This sludge-metal performance art troupe made its mark by staging cartoonish Grand Guignol spectacles that split the difference between The Muppet Show and Survival Research Laboratories, adding a soundtrack that recalls (as if it matters) a Venom bootleg tape looped through the gears of a garbage disposal. The Gwar legend — something to do with pestilent aliens who’ve made their home beneath the Antarctic ice cap — was born of a project the members cooked up at art school in Virginia. It sure would be interesting to see those transcripts…
Despite some occasionally funny lyrics (and legitimately knee-slapping liner notes), Hell-O may well go down in history as the only listening experience more painful than those bootleg Sam Kinison sex tapes. Utterly tuneless “singing” by frontman Oderus Urungus and aimless guitar flailing — it sounds as if the musicians were wearing their papier — mâché gear in the studio — combine to make the disc an utter mess. But the dull-as-dishwater Scumdogs of the Universe actually makes one pine for such incompetence, since all it really has to offer is thrash-by-numbers playing over which Oderus belches childish paeans to all that’s profane.
There’s not much to be said for The Road Behind, either: the time-filling EP matches three tedious studio tracks (“highlighted” by the goofily ostentatious “Overture in N Minor”) with three live tracks. Of the concert pieces, “Captain Crunch” might earn a few laughs from those prone to spending Saturday mornings in front of the TV and behind the bong. America Must Be Destroyed, a concept album of sorts, finds Oderus proclaiming revolution in the streets with all the slapstick conviction of Gallagher in Last Poets’ drag. Unlike previous Gwar releases, it actually holds up for one complete listen, but until CD rental shops come into vogue, you’d be advised to keep your distance.

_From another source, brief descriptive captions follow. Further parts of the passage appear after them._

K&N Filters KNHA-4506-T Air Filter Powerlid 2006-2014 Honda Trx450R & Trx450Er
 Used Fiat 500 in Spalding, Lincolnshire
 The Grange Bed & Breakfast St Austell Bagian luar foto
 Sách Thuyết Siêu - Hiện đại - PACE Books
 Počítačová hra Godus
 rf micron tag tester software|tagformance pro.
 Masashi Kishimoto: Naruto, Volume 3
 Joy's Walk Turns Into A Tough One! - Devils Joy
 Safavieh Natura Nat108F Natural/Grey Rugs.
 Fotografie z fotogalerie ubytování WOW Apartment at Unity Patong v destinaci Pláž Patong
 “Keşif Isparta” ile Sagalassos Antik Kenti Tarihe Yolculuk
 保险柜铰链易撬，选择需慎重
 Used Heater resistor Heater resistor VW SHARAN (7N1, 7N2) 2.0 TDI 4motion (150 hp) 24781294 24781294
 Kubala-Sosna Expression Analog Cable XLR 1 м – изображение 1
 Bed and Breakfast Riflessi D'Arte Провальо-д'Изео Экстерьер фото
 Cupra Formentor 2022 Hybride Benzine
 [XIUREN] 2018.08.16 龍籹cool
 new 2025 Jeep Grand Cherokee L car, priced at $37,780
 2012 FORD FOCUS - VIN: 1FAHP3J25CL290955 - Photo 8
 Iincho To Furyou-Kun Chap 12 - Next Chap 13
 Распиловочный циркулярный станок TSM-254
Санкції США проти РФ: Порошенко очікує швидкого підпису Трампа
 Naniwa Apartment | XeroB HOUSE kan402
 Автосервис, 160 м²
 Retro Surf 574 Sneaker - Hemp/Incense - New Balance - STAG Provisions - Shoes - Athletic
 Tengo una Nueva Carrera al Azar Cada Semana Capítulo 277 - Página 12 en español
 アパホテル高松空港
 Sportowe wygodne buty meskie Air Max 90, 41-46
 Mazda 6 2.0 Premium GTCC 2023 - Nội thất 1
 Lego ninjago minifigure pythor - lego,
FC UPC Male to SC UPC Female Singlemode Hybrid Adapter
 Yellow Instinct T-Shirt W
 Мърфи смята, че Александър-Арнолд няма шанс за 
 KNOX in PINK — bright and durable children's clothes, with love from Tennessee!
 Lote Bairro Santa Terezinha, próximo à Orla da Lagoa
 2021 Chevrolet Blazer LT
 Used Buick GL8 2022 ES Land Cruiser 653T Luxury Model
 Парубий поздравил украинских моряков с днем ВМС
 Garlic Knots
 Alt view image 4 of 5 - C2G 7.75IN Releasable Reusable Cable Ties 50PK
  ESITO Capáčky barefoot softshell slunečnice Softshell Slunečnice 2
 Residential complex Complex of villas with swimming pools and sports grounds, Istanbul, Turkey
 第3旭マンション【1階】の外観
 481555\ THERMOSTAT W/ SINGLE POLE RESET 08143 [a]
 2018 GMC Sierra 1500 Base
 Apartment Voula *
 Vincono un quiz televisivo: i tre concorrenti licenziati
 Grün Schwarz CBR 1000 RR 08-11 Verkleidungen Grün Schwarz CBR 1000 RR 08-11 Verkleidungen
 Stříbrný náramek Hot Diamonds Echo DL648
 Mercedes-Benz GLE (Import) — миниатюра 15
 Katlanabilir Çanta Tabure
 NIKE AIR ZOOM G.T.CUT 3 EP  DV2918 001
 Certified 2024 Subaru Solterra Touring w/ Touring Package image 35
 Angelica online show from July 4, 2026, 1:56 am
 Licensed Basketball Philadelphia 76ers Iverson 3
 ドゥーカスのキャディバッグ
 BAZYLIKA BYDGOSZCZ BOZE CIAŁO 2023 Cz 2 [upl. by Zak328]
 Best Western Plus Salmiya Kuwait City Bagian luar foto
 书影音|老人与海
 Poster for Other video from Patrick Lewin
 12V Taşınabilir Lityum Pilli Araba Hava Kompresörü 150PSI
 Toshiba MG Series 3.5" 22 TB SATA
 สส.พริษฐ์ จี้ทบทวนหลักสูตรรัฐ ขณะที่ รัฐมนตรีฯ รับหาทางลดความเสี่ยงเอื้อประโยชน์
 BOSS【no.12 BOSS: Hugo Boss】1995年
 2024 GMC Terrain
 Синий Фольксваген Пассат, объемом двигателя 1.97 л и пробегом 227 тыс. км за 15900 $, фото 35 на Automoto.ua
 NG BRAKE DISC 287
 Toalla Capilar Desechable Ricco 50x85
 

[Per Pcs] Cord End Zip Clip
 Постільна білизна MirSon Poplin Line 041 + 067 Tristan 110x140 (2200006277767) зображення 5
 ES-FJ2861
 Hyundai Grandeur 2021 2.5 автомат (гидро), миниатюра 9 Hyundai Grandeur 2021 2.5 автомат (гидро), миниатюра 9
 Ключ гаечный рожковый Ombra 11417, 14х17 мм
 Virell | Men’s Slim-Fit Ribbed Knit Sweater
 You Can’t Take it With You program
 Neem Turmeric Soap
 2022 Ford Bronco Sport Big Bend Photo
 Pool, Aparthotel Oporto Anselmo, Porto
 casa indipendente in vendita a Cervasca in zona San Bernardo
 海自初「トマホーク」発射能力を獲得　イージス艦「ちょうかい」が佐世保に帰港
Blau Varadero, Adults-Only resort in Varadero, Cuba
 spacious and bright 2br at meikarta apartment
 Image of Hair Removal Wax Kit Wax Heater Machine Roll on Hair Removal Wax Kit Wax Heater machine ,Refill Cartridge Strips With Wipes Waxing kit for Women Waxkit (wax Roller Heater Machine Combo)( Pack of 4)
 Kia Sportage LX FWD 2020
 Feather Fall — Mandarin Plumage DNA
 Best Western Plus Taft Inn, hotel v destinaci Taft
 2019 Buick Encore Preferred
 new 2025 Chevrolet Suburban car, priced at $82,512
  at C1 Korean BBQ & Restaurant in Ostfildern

Somehow, the band convinced a smattering of session musicians to lend a hand in the cinemascoping of Gwar on the epic This Toilet Earth. Not that trombones alone can save flatulent outbursts like “Pocket Pool” and “Penis I See” (dedicated to the three-foot phallus that often, er, pops up onstage at Gwar shows). Again, brief flashes of lowbrow wit surface (in the goofy “Saddam a Go-Go”), but the notion of parodying pomp-rock (see “The Insidious Soliloquy of Skullface”) is far too much like carrying coals to Newcastle. Gwar was nominated a Grammy in 1995.
Beefcake the Mighty (also known as Mike Bishop) abandoned the Gwarship in order to pursue a career in music with Kepone, an old-fashioned power trio with just enough post-Birthday Party accessorizing to hold the interest of skronk-mongers hither and yon. Guitarist Tim Harriss juggles funk riffs and D. Boon-styled scrabbling with admirable dexterity on Ugly Dance standouts like “Loud” and “Leadbreath,” but whinging vocals and clever arrangements (like those on “Dickie Boys”) often drag the band down to the level of Primus. Good marks for form, but very little in the way of function. Skin follows much the same pattern, although Bishop and new drummer Ed Trask (ex-Holy Rollers) forego some of the thrust-and-parry nonsense in favor of heads-down, no-nonsense boogie, à la Killdozer. It’s a start.